4.4. Updating the CoreEnv

For the sake of completeness we also show two more minor modifications required in the CoreEnv, which are not too important for this tutorial at the moment. In short, the StructuredEnv interface supports interaction patterns beyond standard Gym environments to model for example hierarchical or multi-agent RL problems. We will get back to this in our more advanced tutorials.

The code below defines that the current version of the environment requires only one actor (id 0) with a single policy (id 0) that is never done.

from maze.core.env.structured_env import ActorID

class Cutting2DCoreEnvironment(CoreEnv):


    def is_actor_done(self) -> bool:
        """Returns True if the just stepped actor is done, which is different to the done flag of the environment."""
        return False

    def actor_id(self) -> ActorID:
        """Returns the currently executed actor along with the policy id.

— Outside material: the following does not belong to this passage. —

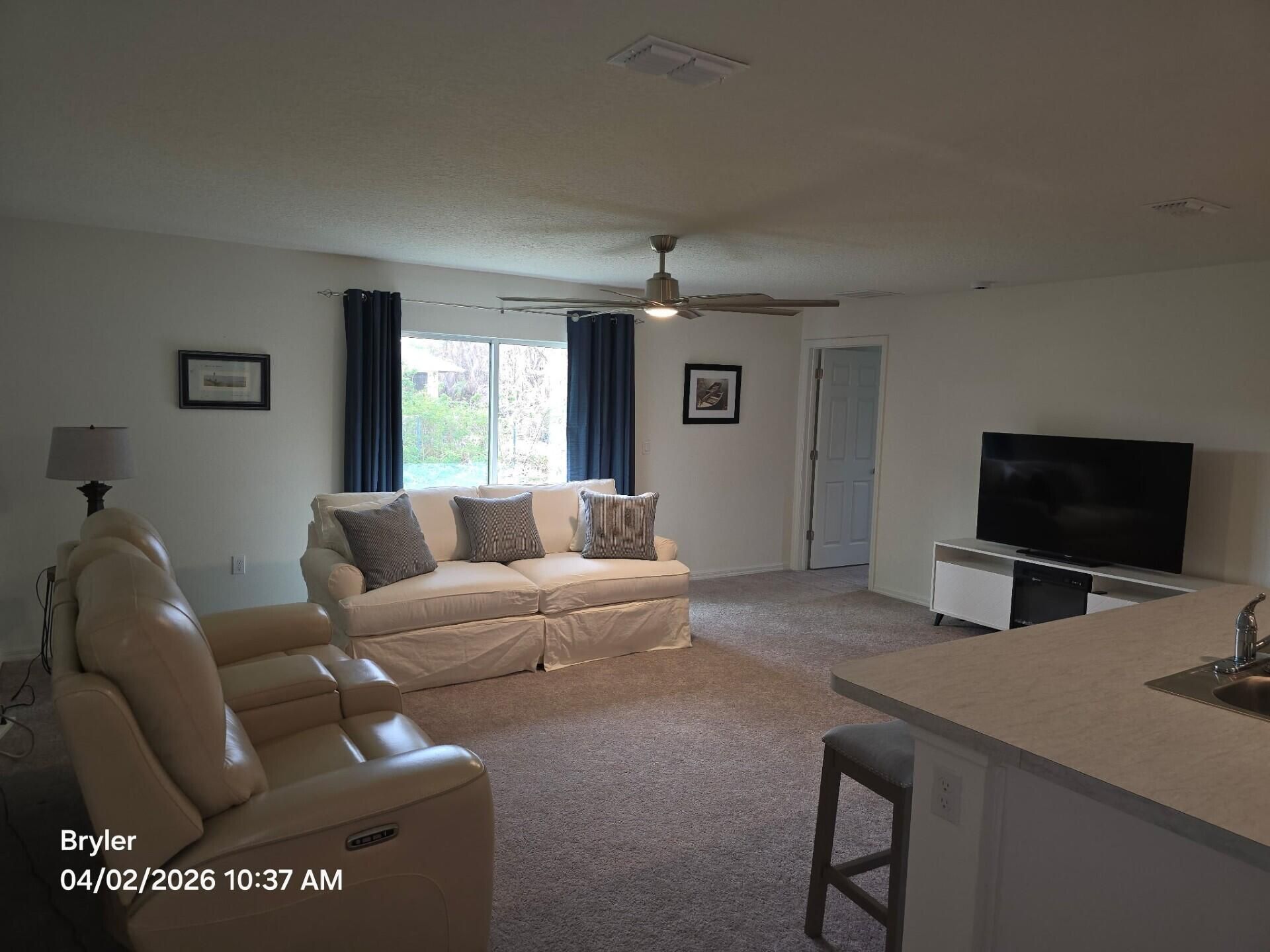 450 Kendall Avenue, Sebastian, FL 32958 Photo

The id is unique only with
        respect to the policies (every policy has its own actor 0).
        Note that identities of done actors can not be reused in the same rollout.

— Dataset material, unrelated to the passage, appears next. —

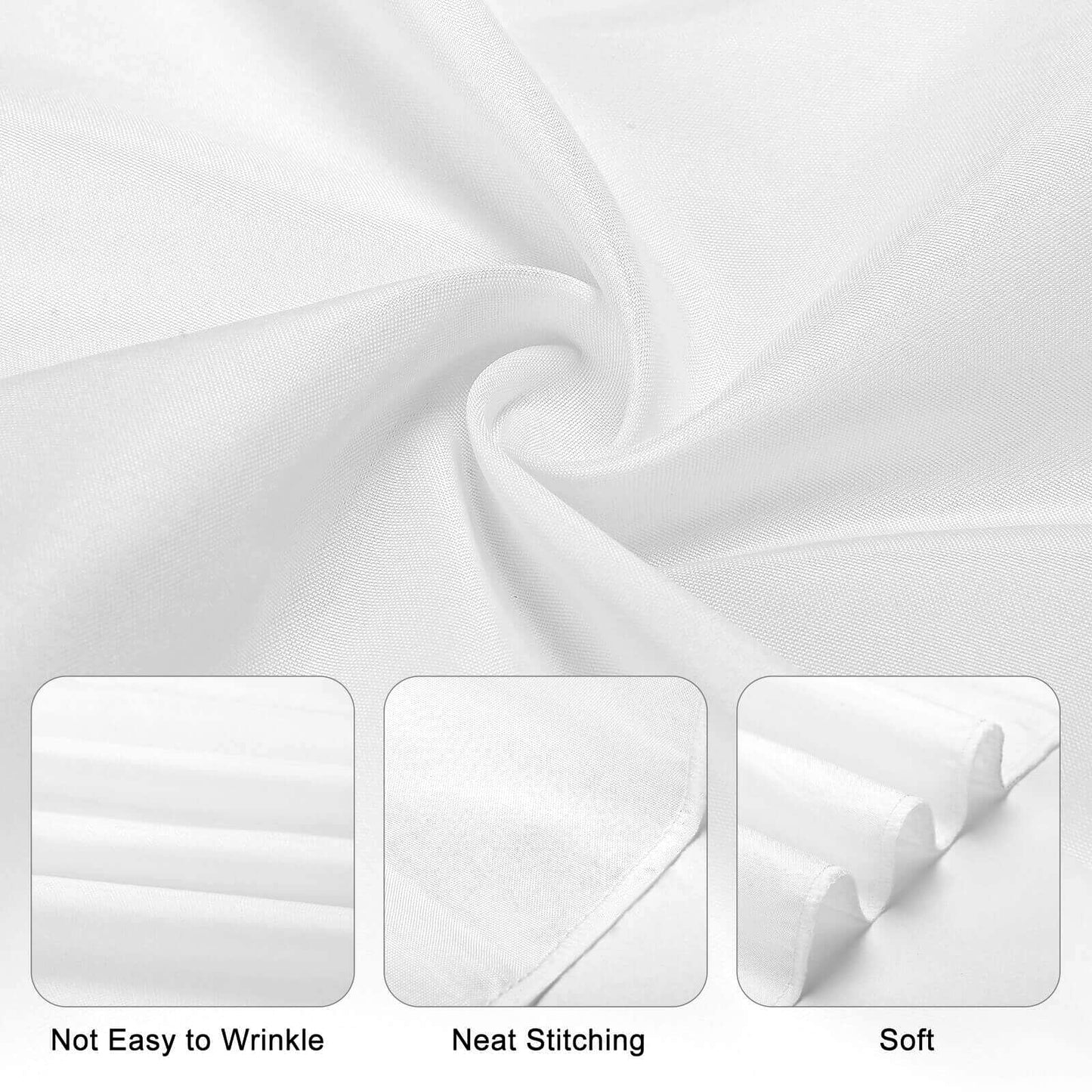 Custom Wall Tapestry: Personalized Aesthetic Room Decor & Backdrop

        :return: The current actor, as tuple (policy id, actor number).
        return ActorID(step_key=0, agent_id=0)


4.5. Test Script

The following snippet will instantiate the environment and run it for 15 steps.

Note that (compared to the previous example) we are now:

  • working with observations and actions instead of MazeStates and MazeActions

  • able to sample actions from the action_space object

""" Test script CoreEnv """
from tutorial_maze_env.part03_maze_env.env.maze_env import maze_env_factory

def main():
    # init maze environment including observation and action interfaces
    env = maze_env_factory(max_pieces_in_inventory=10,
                           raw_piece_size=[100, 100],
                           static_demand=(30, 15))

    # reset environment
    obs = env.reset()
    # run interaction loop
    for i in range(15):
        # sample random action
        action = env.action_space.sample()

        # take actual environment step
        obs, reward, done, info = env.step(action)
        print(f"reward {reward} | done {done} | info {info}")

if __name__ == "__main__":
    """ main """
reward -1 | done False | info {'msg': 'valid_cut'}
reward 0 | done False | info {'msg': 'valid_cut'}
reward 0 | done False | info {'msg': 'valid_cut'}
reward 0 | done False | info {'error': 'piece_id_out_of_bounds'}
reward 0 | done False | info {'error': 'piece_id_out_of_bounds'}